Value alignment is clearly more important than an ideal business type when it comes to co-working.
Skovron says that “there’s a stigma out there that co-working is for startups” but the reality is that “startups make up less than five percent of the Creative Cubes community”.
Most of their members are small-to-medium businesses and Skovron believes that this dynamic works as these businesses “really enjoy engaging” with startups as they “draw a lot of inspiration from them”.
For One Roof, it’s also crucial to have a diverse mix of businesses.
Rubinstein noted the One Roof community varies “in terms of industry, stage and type” and has “everything from a freelance graphic designer to a 20-person, high-growth, global tech company”.
For Rubinstein, it’s vital that any new members “are businesses that align with our values, that are keen to work in a vibrant shared work space and want to be part of a supportive and collaborative community”.
Culture and community
Cultural fit and readiness to engage with the community are key things to consider before joining a co-working space.
For Rubinstein, community and culture “mean everything” to One Roof, and she stresses that “we take pride in how we foster our community” and won’t just accept anyone through the doors.
“We have a vetting process through our one-week free trial,” said Rubinstein.
“This gives us sufficient time to get a sense of how that business interacts with the community and whether they are an ideal fit.”
So, when might a business be turned away from a co-working space? Rubinstein mentions two cases:
“If there’s too much competition within a particular industry,” or a business “demonstrates that they do not share our values and ethos, respect for other members, a desire to succeed and elevate others around them to success”.
As a member, you need to be willing to share your expertise, celebrate the wins and lift other tenants during the hard times in business.
Skovron also has some strong views on culture, stating that “the integrity, the quality, the class and execution of our community is second to none”.
Being able to afford the rent is not enough, it’s about your attitude.
“If you show up with a bag of money to Creative Cubes looking for a space and you’re not part of the right culture, if you’ve not got the right mindset, if you’re not of the right frame of mind, if you’re not of equal value, if you’re not a person that want to share, then there’s no amount of money that can get you through the door,” said Skovron.
At what point will you outgrow your co-working space?
So, you’re expecting rapid growth and the team is expanding.

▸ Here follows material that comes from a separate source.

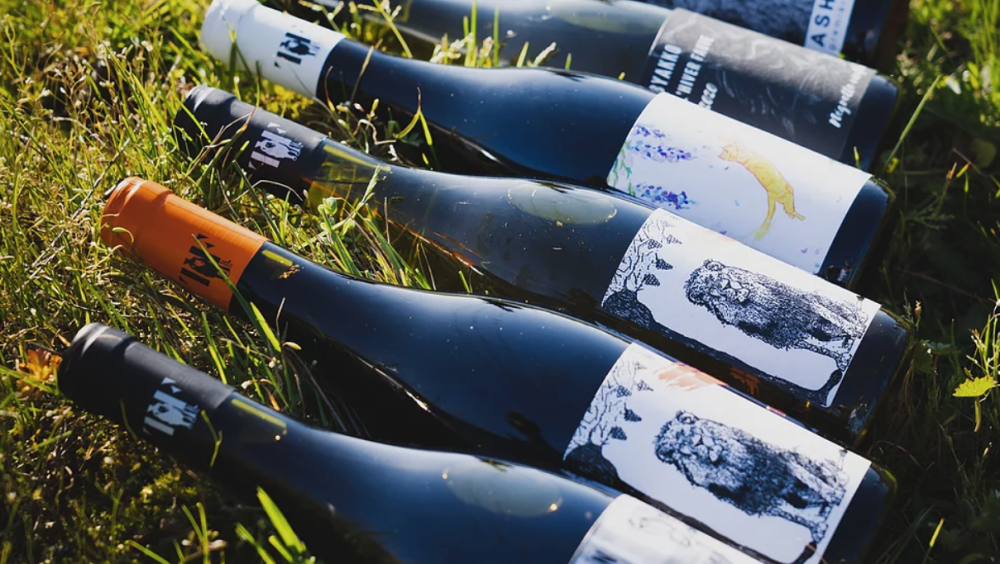Coffret 6 bouteilles de vin : découverte Terre Fauve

How do you know when you’re too big for co-working?
According Skovron, it might be as simple as outgrowing the physical space available.
“If the space can’t flex any further, it may be time. That said … we ask all members for their growth plans, so we can ensure we serve their growth before accepting more members.”
The trajectory of your business will determine whether you’ve outgrown co-working.
Rubinstein sees this in a positive light.
“When businesses outgrow One Roof, we deem this as a measure of success.”
So, is co-working right for your business?
Clearly there’s no ideal business size of or type to determine fit.
It’s not about your product or your industry, it’s about your mindset and willingness to contribute to the community.
If that sounds like you, co-working may be the thing to propel your business to new heights.